In 1947 Bill married Elizabeth Anderson, BA 1946, BSW 1947. Charles, their only child, was born in 1953.
Later in his career Bill became Chief Forester of Columbia Cellulose, and in his final year before retirement also served as President of the ABCPF. Bill returned to UBC to obtain an MSc Forestry in 1993, at the age of 74.
Bill’s son Charles considered studying science or engineering at UBC, but, “I guess family influence led me into forestry,” he says. Charles received a BSc in Forestry in 1976 and started working for MacMillan Bloedel, coincidentally at the same camp his father had managed 20 years before.
Later, management training led Charles to return to UBC for an MBA, which he received in 1986. In the late 1980s, as perestroika and glasnosttook hold in the Soviet Union, Charles became interested in the impacts on Russian forestry and international trade. Working with faculty members at the University of Washington, he developed a program of graduate research that would take him to Russia and many other countries.
He received an MA in International Studies in 1990 and a PhD in Forest Resource Management in 1993. He then worked in Austria on a sustainable development project focusing on Siberian forest resources for nearly four years, returning to Vancouver after his father had had a stroke.
After Bill died in 1998, Charles accepted a position in the forestry program at Grande Prairie Regional College, where he remained for the rest of his career. “The program was very practical and hands-on, and as a result most of our students had job offers before the start of their last term,” he says.
The 2004-05 economic downturn led to the program’s closure, so Charles pivoted to his skills in international trade and resource development as an instructor in the Business Administration program. By 2006 he was keen to learn more, so he began a PhD in Strategy and Global Management at the University of Calgary.
In 2017 Charles received his fifth degree, after many years of juggling the obligations of family, college and university. Charles’ mother Elizabeth died in 2016.
During their lifetimes Bill and Elizabeth established the Backman Scholarship in Forest Resource Management and the Elizabeth Backman Scholarship in Natural Resources Conservation. Charles has been proud to contribute to these awards since his parents’ deaths.
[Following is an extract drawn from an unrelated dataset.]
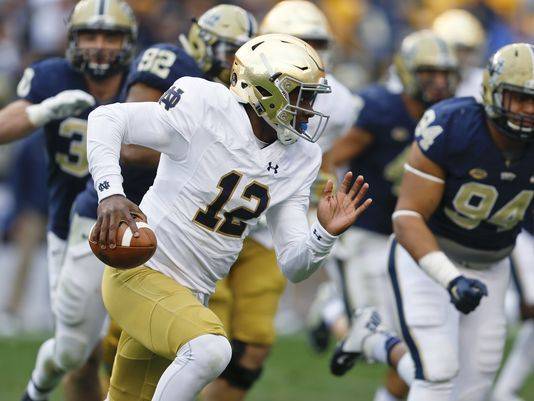 Notre Dame turns to sophomore QB Brandon Wimbush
Today, Charles is pursuing a Master of Science in Quantitative Finance at the University of London, using online learning. “I wanted a program that would be robust, that would force me to focus,” he says. “This degree allows me to keep learning.”
Charles is proof that learning is both limitless and ageless. And through the two family scholarships, he is supporting other students in following their dreams.